(LISTED RECORDS Opens)

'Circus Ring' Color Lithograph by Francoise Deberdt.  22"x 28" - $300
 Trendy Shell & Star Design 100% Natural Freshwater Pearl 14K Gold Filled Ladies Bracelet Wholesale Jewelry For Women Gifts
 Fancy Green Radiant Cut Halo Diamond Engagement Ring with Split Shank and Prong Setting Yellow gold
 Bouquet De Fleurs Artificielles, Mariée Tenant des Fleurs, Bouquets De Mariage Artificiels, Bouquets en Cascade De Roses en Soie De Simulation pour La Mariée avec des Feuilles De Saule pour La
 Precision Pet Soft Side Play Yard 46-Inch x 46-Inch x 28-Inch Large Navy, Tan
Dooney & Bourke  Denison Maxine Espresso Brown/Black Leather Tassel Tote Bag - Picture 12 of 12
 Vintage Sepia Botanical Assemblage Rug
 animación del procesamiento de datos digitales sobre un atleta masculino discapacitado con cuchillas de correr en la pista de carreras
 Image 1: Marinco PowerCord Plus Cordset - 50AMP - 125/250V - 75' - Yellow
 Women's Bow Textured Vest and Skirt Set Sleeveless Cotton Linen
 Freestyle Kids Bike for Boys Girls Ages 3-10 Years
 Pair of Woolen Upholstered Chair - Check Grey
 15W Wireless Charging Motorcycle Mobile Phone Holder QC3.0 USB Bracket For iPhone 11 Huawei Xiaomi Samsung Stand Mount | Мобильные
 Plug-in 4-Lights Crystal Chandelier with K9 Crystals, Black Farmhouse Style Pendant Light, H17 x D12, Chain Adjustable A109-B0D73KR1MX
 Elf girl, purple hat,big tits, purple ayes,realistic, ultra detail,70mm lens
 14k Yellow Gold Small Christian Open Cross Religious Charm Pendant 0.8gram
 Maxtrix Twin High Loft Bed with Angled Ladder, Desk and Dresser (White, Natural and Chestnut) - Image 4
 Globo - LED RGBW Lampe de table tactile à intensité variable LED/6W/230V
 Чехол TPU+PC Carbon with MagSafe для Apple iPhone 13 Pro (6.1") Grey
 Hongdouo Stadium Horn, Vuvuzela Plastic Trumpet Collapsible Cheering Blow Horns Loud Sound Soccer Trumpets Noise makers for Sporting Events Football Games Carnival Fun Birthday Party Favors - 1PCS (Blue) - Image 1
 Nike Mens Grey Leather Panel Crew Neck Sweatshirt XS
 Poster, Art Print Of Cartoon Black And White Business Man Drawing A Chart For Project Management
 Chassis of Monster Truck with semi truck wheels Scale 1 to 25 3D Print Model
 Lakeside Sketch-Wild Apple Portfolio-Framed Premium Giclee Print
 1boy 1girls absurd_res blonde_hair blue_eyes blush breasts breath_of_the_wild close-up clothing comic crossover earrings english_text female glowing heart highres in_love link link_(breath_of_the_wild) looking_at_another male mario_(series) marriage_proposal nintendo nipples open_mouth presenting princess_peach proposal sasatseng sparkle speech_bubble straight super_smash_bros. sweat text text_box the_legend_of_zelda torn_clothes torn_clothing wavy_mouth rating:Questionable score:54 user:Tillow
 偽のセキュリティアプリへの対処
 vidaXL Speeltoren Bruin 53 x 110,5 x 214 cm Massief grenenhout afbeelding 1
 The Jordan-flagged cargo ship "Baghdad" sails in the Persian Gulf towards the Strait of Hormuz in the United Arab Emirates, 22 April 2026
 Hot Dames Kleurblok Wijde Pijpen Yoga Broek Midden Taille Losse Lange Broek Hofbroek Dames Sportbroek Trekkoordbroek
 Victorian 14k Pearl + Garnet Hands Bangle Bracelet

(LISTED RECORDS Closes)

Begin at the first line of the records above and quote every line verbatim through the one that contains "Precision Pet Soft".

ANSWER TO THE EXERCISE
'Circus Ring' Color Lithograph by Francoise Deberdt.  22"x 28" - $300
 Trendy Shell & Star Design 100% Natural Freshwater Pearl 14K Gold Filled Ladies Bracelet Wholesale Jewelry For Women Gifts
 Fancy Green Radiant Cut Halo Diamond Engagement Ring with Split Shank and Prong Setting Yellow gold
 Bouquet De Fleurs Artificielles, Mariée Tenant des Fleurs, Bouquets De Mariage Artificiels, Bouquets en Cascade De Roses en Soie De Simulation pour La Mariée avec des Feuilles De Saule pour La
 Precision Pet Soft Side Play Yard 46-Inch x 46-Inch x 28-Inch Large Navy, Tan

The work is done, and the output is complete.